A caça de animais silvestres é proibida pela legislação. É autorizada apenas em situações específicas, como controle populacional (caso do javali) ou subsistência de populações indígenas. A pena para esse tipo de crime é branda — de seis meses a um ano de prisão, além de multa —, e raramente alguém é punido. Uma exceção aconteceu em março. Um vídeo com caçadores retirando 30 pacas mortas de um barco revoltou moradores do distrito de Calama, em Porto Velho (RO), que denunciaram o crime. Localizados pela polícia ambiental, os criminosos foram multados em R$ 76 mil e responderão por caça ilegal.
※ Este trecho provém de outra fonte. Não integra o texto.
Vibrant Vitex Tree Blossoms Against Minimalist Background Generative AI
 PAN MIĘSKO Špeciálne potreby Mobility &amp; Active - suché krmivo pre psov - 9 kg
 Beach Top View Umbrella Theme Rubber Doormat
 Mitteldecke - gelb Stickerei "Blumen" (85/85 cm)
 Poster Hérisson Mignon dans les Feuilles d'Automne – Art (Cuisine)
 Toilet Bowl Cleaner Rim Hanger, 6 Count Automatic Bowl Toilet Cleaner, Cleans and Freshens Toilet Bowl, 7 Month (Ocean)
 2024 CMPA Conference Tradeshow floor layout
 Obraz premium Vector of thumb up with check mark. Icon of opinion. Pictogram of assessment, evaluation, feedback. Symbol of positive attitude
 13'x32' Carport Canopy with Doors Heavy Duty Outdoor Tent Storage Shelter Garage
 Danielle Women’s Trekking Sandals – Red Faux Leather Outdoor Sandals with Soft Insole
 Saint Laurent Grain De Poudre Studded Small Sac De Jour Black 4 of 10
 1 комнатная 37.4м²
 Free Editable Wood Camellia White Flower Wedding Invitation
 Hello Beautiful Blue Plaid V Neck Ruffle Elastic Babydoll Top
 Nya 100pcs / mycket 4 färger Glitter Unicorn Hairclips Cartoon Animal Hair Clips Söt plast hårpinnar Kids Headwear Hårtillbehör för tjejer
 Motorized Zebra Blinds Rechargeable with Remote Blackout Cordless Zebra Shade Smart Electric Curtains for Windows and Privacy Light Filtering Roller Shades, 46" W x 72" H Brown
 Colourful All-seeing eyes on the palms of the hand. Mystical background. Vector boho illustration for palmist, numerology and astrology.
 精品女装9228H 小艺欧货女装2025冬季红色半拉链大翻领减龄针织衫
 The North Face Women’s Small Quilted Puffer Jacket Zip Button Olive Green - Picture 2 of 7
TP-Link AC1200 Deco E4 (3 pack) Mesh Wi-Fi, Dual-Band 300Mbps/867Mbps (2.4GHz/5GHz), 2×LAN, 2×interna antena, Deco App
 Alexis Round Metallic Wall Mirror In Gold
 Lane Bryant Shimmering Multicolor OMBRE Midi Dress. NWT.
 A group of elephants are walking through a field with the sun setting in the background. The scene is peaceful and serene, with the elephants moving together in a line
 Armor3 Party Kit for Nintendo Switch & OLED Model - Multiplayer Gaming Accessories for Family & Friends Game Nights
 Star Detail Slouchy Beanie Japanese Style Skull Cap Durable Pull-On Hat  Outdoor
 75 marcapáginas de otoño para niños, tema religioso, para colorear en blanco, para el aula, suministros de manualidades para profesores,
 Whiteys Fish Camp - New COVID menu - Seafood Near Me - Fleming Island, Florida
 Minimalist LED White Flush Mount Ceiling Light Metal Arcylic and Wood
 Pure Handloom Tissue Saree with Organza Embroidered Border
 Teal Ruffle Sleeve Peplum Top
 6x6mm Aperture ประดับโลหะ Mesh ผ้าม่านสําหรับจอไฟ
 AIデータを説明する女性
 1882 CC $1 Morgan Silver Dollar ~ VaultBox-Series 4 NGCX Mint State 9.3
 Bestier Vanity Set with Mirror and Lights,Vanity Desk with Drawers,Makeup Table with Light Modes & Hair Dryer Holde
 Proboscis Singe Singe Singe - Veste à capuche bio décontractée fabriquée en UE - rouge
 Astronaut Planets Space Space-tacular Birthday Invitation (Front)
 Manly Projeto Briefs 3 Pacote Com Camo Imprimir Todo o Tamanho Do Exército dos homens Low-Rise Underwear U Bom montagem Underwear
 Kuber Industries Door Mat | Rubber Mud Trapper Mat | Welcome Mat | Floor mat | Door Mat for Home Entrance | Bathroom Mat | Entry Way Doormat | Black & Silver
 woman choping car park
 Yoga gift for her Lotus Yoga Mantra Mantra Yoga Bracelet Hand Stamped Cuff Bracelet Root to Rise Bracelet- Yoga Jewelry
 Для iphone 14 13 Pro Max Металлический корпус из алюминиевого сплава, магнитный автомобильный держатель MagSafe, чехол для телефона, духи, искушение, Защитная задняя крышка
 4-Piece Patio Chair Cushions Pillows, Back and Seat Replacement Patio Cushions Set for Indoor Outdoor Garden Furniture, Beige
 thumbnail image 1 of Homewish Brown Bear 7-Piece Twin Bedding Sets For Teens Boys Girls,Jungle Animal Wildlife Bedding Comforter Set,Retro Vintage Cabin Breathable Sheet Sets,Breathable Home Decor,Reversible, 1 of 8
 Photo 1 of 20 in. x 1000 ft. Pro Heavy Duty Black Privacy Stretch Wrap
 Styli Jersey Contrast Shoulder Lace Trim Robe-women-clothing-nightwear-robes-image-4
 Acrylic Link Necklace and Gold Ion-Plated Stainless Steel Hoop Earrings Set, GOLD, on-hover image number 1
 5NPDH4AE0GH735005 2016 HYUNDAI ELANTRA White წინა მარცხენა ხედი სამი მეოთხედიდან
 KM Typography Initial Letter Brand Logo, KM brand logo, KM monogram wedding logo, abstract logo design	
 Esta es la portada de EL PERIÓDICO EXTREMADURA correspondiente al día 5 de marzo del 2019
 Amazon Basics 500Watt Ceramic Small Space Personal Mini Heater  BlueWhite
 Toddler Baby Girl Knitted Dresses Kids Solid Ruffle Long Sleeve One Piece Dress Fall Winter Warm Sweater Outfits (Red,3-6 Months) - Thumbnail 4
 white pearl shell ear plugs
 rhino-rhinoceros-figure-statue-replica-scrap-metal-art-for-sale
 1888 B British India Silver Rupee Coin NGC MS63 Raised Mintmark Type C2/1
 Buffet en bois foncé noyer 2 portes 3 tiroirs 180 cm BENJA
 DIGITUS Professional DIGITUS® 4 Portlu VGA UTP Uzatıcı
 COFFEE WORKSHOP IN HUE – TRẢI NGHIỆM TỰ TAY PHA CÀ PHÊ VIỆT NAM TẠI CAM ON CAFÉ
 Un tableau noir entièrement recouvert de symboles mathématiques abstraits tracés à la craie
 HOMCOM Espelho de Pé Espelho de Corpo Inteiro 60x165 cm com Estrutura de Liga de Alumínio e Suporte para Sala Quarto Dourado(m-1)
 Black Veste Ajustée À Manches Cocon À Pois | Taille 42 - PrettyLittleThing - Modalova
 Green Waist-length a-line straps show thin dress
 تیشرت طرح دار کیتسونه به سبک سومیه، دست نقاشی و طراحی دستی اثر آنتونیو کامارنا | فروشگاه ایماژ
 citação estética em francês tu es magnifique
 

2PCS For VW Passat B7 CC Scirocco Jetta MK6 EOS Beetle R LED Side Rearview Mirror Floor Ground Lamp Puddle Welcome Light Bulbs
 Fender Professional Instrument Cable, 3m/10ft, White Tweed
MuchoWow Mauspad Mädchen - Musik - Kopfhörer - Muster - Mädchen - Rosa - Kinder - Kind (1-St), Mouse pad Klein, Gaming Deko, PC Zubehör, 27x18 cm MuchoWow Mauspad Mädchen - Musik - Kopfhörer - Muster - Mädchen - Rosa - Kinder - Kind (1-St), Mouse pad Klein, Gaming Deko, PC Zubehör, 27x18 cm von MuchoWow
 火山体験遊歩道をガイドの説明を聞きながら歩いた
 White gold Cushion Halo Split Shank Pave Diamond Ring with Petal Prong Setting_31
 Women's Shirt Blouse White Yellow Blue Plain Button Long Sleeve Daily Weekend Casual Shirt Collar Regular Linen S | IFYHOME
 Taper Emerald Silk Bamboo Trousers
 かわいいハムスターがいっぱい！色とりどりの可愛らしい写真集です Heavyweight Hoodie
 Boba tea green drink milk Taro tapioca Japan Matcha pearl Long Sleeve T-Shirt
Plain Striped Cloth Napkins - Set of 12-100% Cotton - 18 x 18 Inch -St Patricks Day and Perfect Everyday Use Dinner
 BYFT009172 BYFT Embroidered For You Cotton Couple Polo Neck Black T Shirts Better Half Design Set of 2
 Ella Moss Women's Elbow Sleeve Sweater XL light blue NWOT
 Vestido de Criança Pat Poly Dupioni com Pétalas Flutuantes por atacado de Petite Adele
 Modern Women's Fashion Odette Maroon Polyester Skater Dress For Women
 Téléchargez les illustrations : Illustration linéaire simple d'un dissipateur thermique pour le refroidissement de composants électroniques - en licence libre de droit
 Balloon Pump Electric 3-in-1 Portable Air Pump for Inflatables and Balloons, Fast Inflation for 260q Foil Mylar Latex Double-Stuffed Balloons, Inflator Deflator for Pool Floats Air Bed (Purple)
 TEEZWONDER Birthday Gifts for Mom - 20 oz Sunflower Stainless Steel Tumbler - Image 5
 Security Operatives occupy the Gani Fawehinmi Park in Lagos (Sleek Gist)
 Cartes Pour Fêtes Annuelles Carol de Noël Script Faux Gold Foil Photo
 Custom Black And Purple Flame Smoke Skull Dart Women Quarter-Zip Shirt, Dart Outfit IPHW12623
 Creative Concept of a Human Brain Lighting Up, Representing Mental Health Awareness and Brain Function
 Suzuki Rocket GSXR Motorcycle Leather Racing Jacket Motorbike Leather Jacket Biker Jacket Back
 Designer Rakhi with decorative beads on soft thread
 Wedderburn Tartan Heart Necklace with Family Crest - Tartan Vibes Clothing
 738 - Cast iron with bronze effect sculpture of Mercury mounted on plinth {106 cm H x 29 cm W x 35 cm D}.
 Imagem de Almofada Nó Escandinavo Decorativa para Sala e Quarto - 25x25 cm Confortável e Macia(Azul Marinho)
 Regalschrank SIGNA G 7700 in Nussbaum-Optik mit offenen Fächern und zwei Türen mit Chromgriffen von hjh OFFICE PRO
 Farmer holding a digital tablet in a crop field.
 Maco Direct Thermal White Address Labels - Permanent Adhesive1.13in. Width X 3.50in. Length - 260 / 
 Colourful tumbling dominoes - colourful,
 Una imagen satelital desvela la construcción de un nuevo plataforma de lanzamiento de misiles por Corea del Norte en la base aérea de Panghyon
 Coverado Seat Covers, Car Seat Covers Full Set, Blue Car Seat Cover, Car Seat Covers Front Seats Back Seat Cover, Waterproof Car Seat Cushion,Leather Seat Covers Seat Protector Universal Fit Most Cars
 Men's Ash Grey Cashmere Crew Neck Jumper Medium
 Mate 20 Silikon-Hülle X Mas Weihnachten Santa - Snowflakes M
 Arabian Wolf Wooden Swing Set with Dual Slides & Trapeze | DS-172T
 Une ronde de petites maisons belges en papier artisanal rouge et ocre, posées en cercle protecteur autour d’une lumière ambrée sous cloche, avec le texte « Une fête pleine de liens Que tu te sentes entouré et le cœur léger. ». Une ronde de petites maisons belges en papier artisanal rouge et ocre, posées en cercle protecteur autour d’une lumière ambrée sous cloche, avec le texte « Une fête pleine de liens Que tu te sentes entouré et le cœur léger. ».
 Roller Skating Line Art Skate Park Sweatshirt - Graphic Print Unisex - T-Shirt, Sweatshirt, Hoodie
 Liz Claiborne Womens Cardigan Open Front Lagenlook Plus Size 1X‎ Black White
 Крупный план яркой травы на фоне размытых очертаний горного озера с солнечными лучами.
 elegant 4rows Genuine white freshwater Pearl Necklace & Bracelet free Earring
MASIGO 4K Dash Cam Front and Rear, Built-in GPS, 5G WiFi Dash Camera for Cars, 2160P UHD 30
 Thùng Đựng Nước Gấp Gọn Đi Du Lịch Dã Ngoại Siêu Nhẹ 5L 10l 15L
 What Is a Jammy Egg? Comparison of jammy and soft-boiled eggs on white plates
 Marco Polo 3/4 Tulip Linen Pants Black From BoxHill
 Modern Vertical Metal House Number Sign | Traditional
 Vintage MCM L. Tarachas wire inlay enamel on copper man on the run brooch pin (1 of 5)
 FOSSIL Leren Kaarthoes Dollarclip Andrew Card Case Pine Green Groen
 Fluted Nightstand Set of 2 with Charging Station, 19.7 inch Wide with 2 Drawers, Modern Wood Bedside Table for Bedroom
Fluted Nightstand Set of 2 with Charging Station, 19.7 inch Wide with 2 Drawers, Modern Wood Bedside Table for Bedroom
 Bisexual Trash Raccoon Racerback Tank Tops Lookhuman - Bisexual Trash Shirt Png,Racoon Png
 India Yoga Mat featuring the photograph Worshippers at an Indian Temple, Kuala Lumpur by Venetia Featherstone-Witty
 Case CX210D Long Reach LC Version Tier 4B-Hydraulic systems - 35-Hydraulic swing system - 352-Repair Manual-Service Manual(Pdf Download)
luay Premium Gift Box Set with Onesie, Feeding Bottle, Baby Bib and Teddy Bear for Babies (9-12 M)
Entre os animais mais visados pelos caçadores estão aves, pacas, tatus, tartarugas e jacarés. A prática é disseminada por todos os biomas nacionais, abrangendo os 26 estados. O maior número de eventos ocorreu na Amazônia (707) e na Mata Atlântica (688). Na Amazônia, o alvo são os animais maiores, enquanto nos outros biomas as maiores vítimas são as aves. Na amostra analisada, foram identificadas pelo menos 19 espécies ameaçadas de extinção, presentes na lista vermelha da União Internacional para a Conservação da Natureza e dos Recursos Naturais.
Alegar que a caça é praticada há anos e que faz parte da cultura brasileira é argumento frágil. O evento popular conhecido como farra do boi foi proibido pelo Supremo Tribunal Federal em 1997, embora se tratasse de tradição em Santa Catarina. Inúmeras cidades proibiram o uso de charretes, mesmo para uso turístico.
As plataformas digitais deveriam bloquear esse tipo de postagem por se tratar de crime, mas as falhas nos controles são conhecidas. Por isso autoridades ambientais precisam agir. É verdade que polícias e órgãos ambientais têm em seu dia a dia crimes mais pesados para resolver, como extração ilegal de madeira, pesca ou garimpo ilegal. Mas não é por terem menor monta que a caça e a apologia ao crime nas redes sociais devam ser negligenciadas. Casos desse tipo fornecem provas para identificar e punir os autores. Basta ir atrás deles.